- [About this exercise] In the copy, include no pictures. Reproduce the rest of the entries exactly.
Segment Start: Records shown
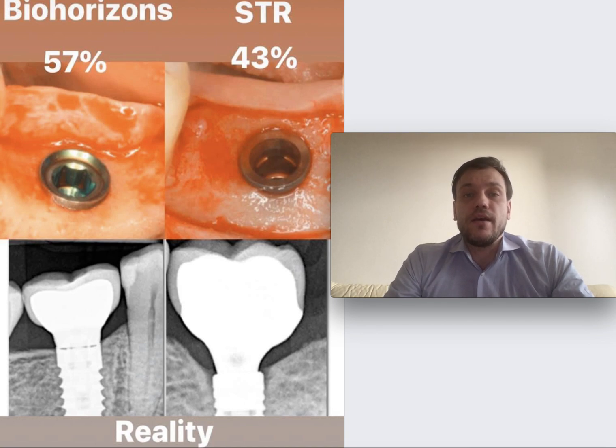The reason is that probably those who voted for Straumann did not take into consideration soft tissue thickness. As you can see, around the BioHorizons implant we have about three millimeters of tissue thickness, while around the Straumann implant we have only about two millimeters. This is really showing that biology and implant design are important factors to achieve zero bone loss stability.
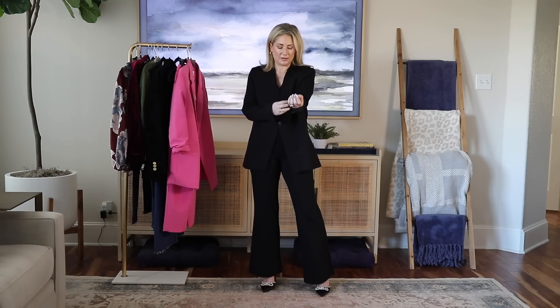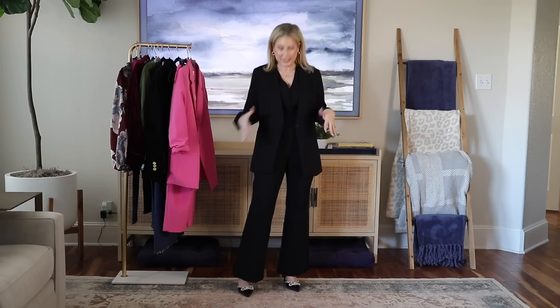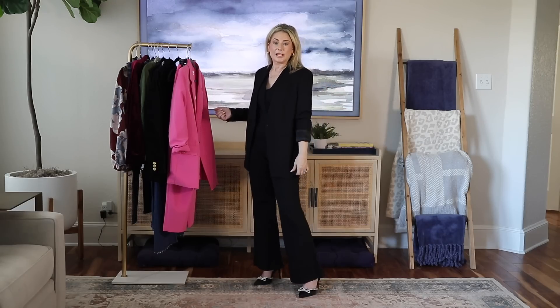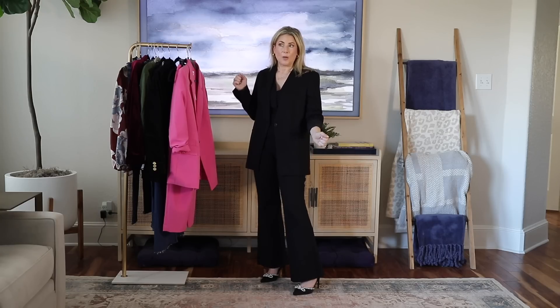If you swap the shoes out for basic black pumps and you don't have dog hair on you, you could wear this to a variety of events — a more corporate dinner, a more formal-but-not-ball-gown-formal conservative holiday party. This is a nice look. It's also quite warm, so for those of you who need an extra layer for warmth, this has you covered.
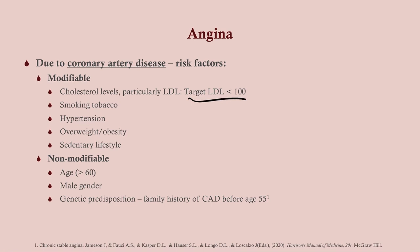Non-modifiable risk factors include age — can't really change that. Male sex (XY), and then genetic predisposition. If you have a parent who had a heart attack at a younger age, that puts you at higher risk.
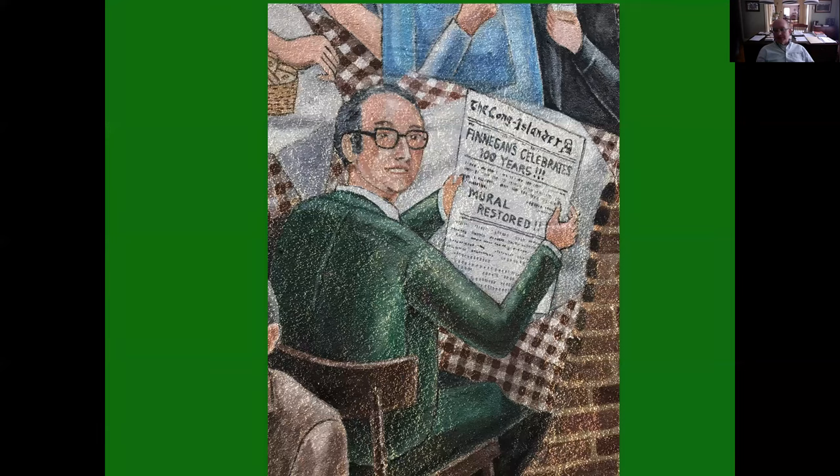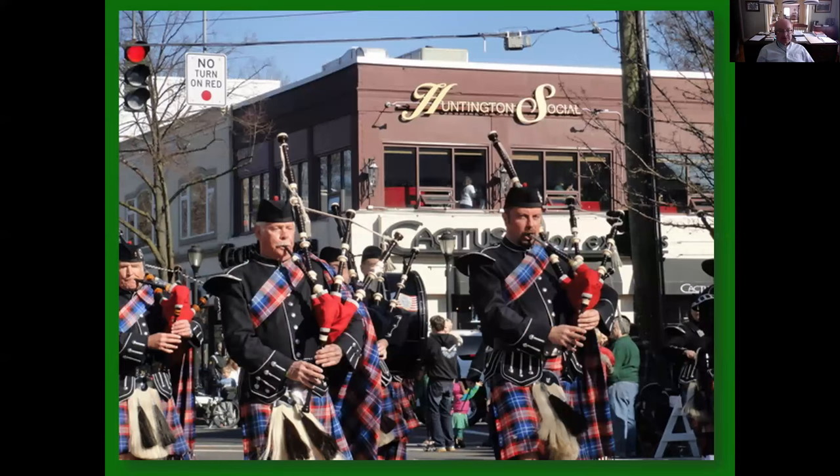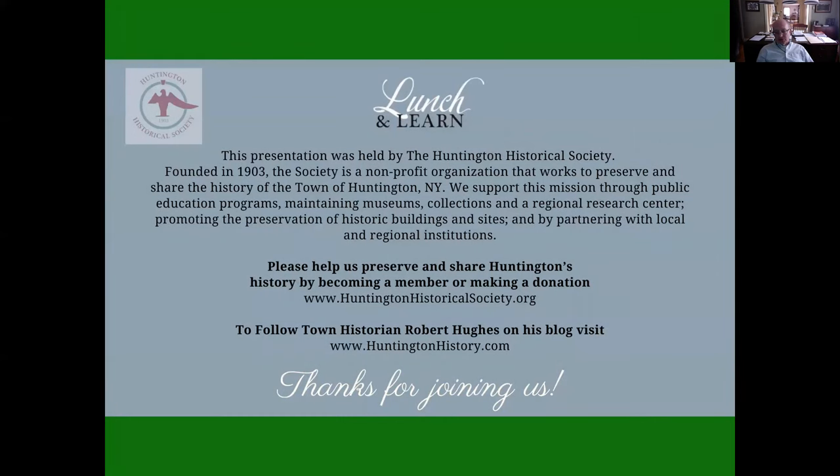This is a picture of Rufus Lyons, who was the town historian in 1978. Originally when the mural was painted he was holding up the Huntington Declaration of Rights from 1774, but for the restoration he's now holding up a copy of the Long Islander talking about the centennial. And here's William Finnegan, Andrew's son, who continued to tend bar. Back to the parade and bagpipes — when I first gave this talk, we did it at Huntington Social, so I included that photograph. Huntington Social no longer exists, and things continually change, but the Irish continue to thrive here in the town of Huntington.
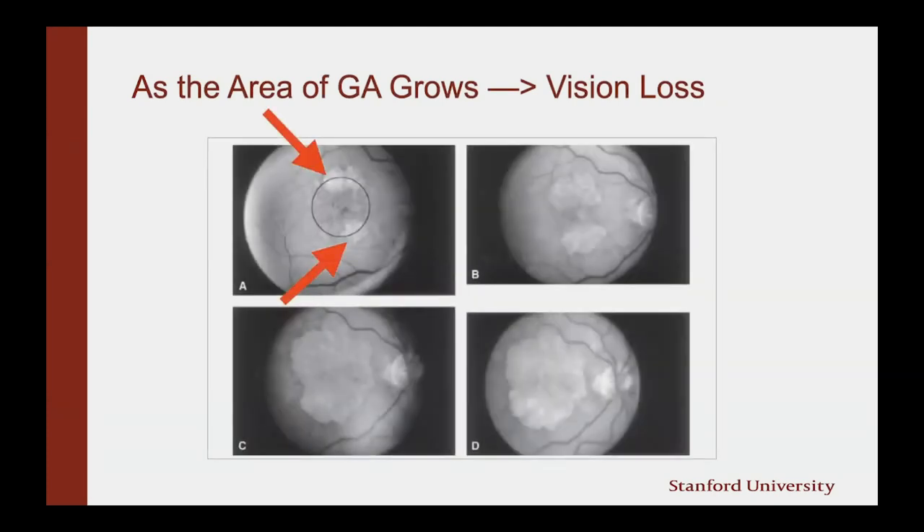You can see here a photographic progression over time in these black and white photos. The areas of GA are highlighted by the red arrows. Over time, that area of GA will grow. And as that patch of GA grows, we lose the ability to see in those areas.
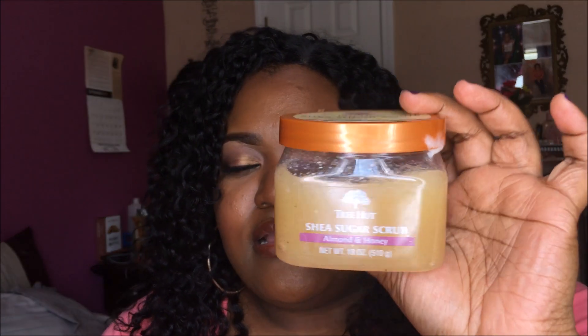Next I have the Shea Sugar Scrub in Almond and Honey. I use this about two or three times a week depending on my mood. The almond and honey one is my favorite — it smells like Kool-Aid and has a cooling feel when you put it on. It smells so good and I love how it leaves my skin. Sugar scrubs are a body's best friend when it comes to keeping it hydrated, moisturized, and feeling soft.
Segment End: Records shown
- [Worked solution]
The reason is that probably those who voted for Straumann did not take into consideration soft tissue thickness. As you can see, around the BioHorizons implant we have about three millimeters of tissue thickness, while around the Straumann implant we have only about two millimeters. This is really showing that biology and implant design are important factors to achieve zero bone loss stability.
If you swap the shoes out for basic black pumps and you don't have dog hair on you, you could wear this to a variety of events — a more corporate dinner, a more formal-but-not-ball-gown-formal conservative holiday party. This is a nice look. It's also quite warm, so for those of you who need an extra layer for warmth, this has you covered.
Non-modifiable risk factors include age — can't really change that. Male sex (XY), and then genetic predisposition. If you have a parent who had a heart attack at a younger age, that puts you at higher risk.
This is a picture of Rufus Lyons, who was the town historian in 1978. Originally when the mural was painted he was holding up the Huntington Declaration of Rights from 1774, but for the restoration he's now holding up a copy of the Long Islander talking about the centennial. And here's William Finnegan, Andrew's son, who continued to tend bar. Back to the parade and bagpipes — when I first gave this talk, we did it at Huntington Social, so I included that photograph. Huntington Social no longer exists, and things continually change, but the Irish continue to thrive here in the town of Huntington.
You can see here a photographic progression over time in these black and white photos. The areas of GA are highlighted by the red arrows. Over time, that area of GA will grow. And as that patch of GA grows, we lose the ability to see in those areas.
Next I have the Shea Sugar Scrub in Almond and Honey. I use this about two or three times a week depending on my mood. The almond and honey one is my favorite — it smells like Kool-Aid and has a cooling feel when you put it on. It smells so good and I love how it leaves my skin. Sugar scrubs are a body's best friend when it comes to keeping it hydrated, moisturized, and feeling soft.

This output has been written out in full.